Developer Construction Solutions Company will build the 162-unit, multi-family project adjacent to the Estrella Gin commercial development at Edison and Loma roads.
Elevations submitted by the developer call for five three-story buildings of about 40 feet in height with a mix of one-, two- and three-bedroom units.
Two acres of the site will be carved out as one-acre parcels to be rezoned as neighborhood commercial to allow development of commercial pads, which are planned to house at least one business with a drive-through window.
Community amenities will include a clubhouse, pool area, greenbelt, walking paths throughout the site and enclosed parking garages. There will be 399 onsite parking spaces.
The city has long touted the need for multi-family housing and commissioned a study, which shows it needs 25% of its housing to be multi-family. Currently, there are more than 22,000 single-family homes in Maricopa, meaning the city needs 6,253 multi-family units to reach that benchmark.
There are 2,133 multi-family units entitled in the city – those either built or approved –leaving a shortfall of more than 4,100 multi-family units to reach 25%.
There are more than 70,000 single-family homes entitled in Maricopa’s planning area, which would call for about 18,000 multi-family units to satisfy that 25% the study recommends.
Mayor Nancy Smith and Vice Mayor Vincent Manfredi both spoke strongly in favor of the townhouse project, citing the need to provide more housing diversity.
“As more and more people are living in the city of Maricopa, more and more commercial will be coming,” Manfredi said. “We’ll see big-box stores coming, the Lowe’s and places like that in the near future. We’ll see the places like the stores you see in Tempe Marketplace. You’ll see more and more of that in the city as more people move to Maricopa.
“But to think that all that is going to happen before the people get here, it’s not happening,” Manfredi continued. “You’re not going to open up a store and hope people move to an area.”
He cited what happened to several major retailers who bet on growth in Casa Grande and lost in the Promenade project.
“The Promenade is basically empty,” Manfredi said. “That’s why Target is no longer there, Sam’s Club is no longer there, Best Buy is no longer there as well Foot Locker and so many other stores that opened there in anticipation of the growth, and it didn’t happen. Commercial development follows rooftops, not the other way around. We need multi-family housing for the growth we want as a city.”
Smith cited the danger of a bill passing similar to one introduced in the Arizona Legislature last year, in which the state would assume zoning control from cities. See: State house bill would strip local zoning authority – InMaricopa
“Every community in the metro area, probably every community in the state of Arizona, is behind on multi-family development. They’re behind,” Smith said. “And that is why the state Legislature is looking to take control of zoning. And then, if they do take control, they get to pick what goes where, how much housing you put in, what it looks like – and we do not want that to happen. No community within the metro area…wants that to happen.

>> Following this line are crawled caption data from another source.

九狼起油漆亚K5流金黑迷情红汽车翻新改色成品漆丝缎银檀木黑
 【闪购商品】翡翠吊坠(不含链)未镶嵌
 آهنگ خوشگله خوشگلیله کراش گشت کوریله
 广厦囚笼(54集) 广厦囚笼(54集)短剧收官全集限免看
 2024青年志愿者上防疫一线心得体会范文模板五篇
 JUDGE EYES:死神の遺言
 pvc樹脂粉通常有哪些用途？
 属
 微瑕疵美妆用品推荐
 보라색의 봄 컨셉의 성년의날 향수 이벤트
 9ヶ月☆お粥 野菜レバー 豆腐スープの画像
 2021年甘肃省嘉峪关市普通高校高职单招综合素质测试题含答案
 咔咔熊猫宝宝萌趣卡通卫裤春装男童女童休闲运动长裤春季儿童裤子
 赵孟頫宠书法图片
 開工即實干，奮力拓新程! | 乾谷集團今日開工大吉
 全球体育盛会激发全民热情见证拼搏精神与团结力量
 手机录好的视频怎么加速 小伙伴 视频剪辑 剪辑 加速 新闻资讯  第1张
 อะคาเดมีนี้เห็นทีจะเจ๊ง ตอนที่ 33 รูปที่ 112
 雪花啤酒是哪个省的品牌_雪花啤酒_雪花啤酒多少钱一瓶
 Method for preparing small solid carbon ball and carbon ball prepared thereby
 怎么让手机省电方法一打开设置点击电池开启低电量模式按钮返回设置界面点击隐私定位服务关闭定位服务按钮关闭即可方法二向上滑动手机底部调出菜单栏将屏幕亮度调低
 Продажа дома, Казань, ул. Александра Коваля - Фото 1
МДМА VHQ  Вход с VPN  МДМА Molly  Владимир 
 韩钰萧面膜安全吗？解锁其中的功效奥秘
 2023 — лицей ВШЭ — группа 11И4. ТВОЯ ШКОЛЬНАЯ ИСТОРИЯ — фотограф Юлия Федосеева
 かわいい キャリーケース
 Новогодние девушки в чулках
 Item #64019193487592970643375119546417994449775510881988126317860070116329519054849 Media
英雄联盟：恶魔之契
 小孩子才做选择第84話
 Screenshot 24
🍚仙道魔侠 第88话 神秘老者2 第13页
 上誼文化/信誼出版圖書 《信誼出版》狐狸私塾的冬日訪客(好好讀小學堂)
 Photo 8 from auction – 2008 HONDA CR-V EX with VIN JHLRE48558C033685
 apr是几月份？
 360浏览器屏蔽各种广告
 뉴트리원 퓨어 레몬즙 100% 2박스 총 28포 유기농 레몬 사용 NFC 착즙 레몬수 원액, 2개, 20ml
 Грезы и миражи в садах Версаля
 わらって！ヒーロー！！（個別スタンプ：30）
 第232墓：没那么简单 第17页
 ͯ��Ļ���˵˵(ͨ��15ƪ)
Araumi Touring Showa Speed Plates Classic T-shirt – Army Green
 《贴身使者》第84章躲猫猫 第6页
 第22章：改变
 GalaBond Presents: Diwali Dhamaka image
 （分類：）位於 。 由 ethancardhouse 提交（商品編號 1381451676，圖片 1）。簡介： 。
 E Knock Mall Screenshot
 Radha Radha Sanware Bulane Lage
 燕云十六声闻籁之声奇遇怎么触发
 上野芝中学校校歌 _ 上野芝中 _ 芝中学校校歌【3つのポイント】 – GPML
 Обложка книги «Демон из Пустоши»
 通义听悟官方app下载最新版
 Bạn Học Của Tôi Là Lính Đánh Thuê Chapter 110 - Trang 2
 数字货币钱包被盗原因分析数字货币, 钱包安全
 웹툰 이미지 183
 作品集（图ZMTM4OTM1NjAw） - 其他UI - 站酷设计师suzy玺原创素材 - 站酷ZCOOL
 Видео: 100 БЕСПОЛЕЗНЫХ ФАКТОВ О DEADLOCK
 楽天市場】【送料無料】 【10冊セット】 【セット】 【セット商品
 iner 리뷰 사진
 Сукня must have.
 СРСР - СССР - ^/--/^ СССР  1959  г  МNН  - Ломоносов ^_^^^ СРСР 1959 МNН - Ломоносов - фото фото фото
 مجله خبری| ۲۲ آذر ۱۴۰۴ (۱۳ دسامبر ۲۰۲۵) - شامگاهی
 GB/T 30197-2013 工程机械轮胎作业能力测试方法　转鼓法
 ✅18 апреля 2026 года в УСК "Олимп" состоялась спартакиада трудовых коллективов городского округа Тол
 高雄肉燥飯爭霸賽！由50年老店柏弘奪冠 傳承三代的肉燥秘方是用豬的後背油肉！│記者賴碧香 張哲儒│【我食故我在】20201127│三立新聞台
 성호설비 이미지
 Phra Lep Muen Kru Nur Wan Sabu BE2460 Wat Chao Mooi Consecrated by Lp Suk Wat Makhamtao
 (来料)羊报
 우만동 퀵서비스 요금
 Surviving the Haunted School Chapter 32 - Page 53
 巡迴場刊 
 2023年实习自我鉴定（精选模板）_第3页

“So, the challenge is to stay on top of it, so we continue to win the argument that local control is the way this needs to go so we determine what goes where, what it looks like, and we have control of our destiny. In order to have economic development you have to have people who can work there, and you have to have housing they can afford.”
In other business, Council approved an Interim Presiding Judge Agreement with Stephen McCarville for the remainder of this calendar year, largely to oversee the city’s transition to a stand-alone municipal court and agreed that McCarville will be interim Presiding judge for the entire 2023 calendar year.
Editor’s note: Vincent Manfredi is co-owner of InMaricopa.